From pay-per-slice cake to gift lists that rival Christmas, you’ll be grateful your invite got ‘lost.’ Get ready to laugh (and cry) as we dive into 10 weddings where the vows come with a price tag!

Weddings: a time of love, joy, and… complete insanity? You bet!

We’ve rounded up 10 tales of nuptial nonsense that’ll make you laugh, cringe, and maybe reconsider that destination wedding.

From cash-grabbing cousins to hair-raising drama, these stories prove that some folks take “bridezilla” to a whole new level. So sit back, grab some popcorn, and prepare to witness the train wrecks of matrimonial madness!

My cousin Susy’s wedding was a masterclass in audacity.

First, she sent out save-the-dates. Then… crickets. Getting antsy, I messaged her about invites.

“Oh, we’re just doing a small Vegas thing now.

Money’s tight,” she chirped.

Fair enough, right? Wrong.

A week later, everyone who didn’t make the cut got a lovely little notice. “We’re off to Vegas!

Here’s our registry — gifts only, please!”

The kicker? This chick was my maid of honor, and I’d covered all her expenses.

Did she get me a gift? Nope.

Now she wanted me to shell out $500 for a mixer I couldn’t even use to drown my sorrows at her reception. Hard pass, cuz. Vegas, baby… without your overpriced kitchen gadgets!

My wedding was a shoestring affair.

We’re talking $80 dress, $30 for my maid of honor’s gown. But my dear friend decided her frock needed some TLC.

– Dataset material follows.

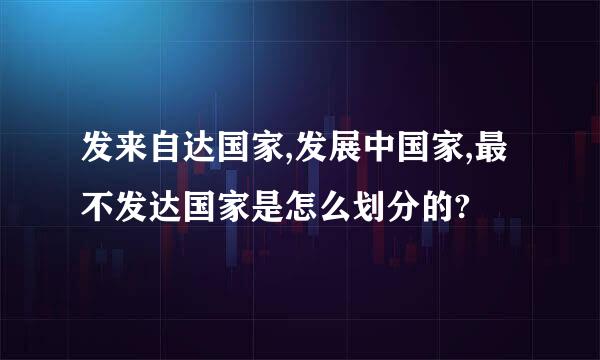 发来自达国家,发展中国家,最不发达国家是怎么划分的?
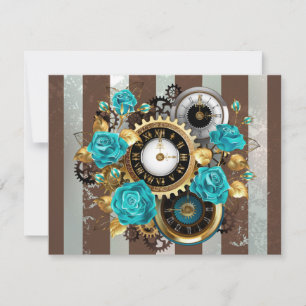 Cartão De Agradecimento Relógio Steampunk e Rosas Turquesa em Listras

“Sure,” I said, picturing a nip here, a tuck there.

Turns out, she went full Project Runway, racking up $100 in alterations! Her dress now cost more than my entire bridal ensemble.

But wait, there’s more! Shoe shopping rolled around.

“I’ll spot you,” I offered when she came up short. She picked some pricey kicks, but hey, her dime, right?

Wrong again.

When I asked for repayment, she hit me with, “Oh, I thought you were treating! I’d have chosen cheaper ones if I knew!”

My bank account wept silently as I realized generosity and wedding planning don’t always mix.

Imagine throwing a wedding with a VIP section. That’s exactly what my “friends” did.

They cooked up a two-tier guest system that’d make a nightclub bouncer blush.

Tier 1?

The chosen few. Fancy wristbands, full banquet access, and an open bar. Living large!

Tier 2?

The unwashed masses. We got to watch the ceremony, then twiddle our thumbs until the reception’s leftovers. Cash bar only, peasants!

Oh, and don’t forget the cake — fancy fondant for the elites, grocery store sheet cake for the rest of us.

The pièce de résistance?

A “sponsor our honeymoon” donation box, because nothing says “We value your presence” like begging for vacation cash after treating half your guests like second-class citizens.

Picture this: a couple so hellbent on a fairytale church wedding that they turned into medieval tax collectors. Instead of a registry, they demanded COLD, HARD CASH. Yep!

And we’re not talking “slip a $20 in a card” money.